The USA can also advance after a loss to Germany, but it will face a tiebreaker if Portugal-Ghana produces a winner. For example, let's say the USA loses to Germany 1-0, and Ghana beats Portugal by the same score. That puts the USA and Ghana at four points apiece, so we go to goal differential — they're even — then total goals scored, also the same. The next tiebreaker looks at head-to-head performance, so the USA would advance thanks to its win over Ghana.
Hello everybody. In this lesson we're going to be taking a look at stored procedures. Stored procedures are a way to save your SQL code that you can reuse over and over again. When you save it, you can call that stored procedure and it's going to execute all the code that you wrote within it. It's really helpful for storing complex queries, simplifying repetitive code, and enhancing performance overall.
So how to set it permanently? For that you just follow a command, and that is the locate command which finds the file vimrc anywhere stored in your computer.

────────────────────

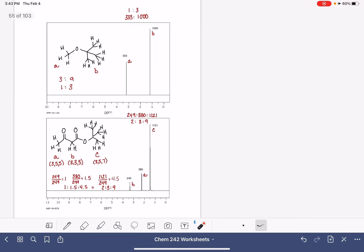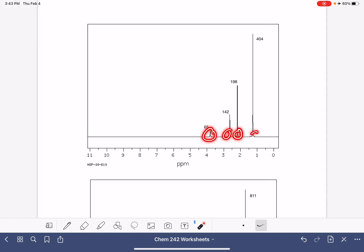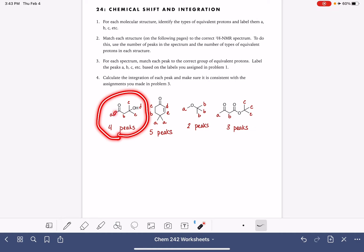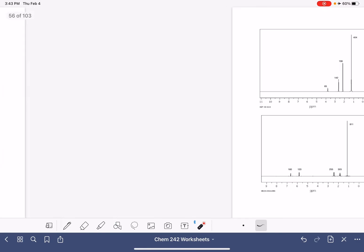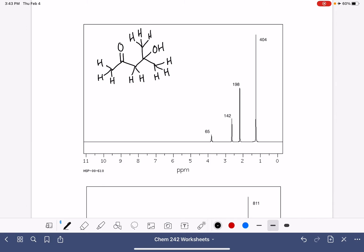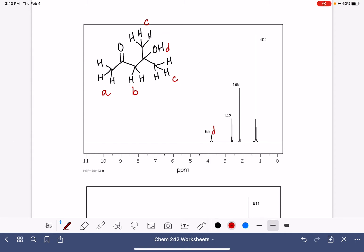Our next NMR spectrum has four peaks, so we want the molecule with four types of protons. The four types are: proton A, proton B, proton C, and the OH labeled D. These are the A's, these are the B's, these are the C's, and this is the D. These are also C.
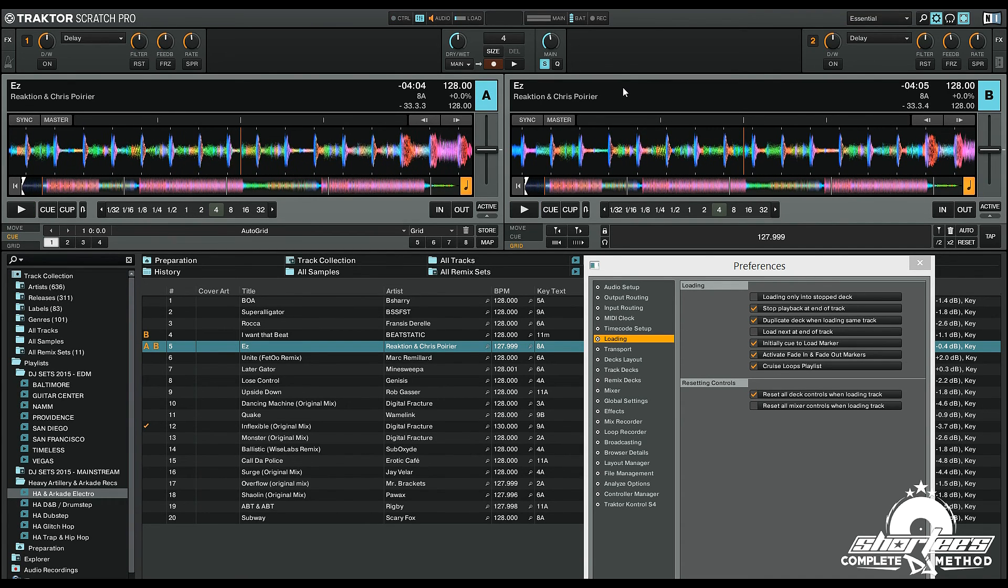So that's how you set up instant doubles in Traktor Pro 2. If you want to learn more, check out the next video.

────────────────────

[Work request] Where a line of the material above holds the string "stored", copy that line.

[Final answer]
Hello everybody. In this lesson we're going to be taking a look at stored procedures. Stored procedures are a way to save your SQL code that you can reuse over and over again. When you save it, you can call that stored procedure and it's going to execute all the code that you wrote within it. It's really helpful for storing complex queries, simplifying repetitive code, and enhancing performance overall.
So how to set it permanently? For that you just follow a command, and that is the locate command which finds the file vimrc anywhere stored in your computer.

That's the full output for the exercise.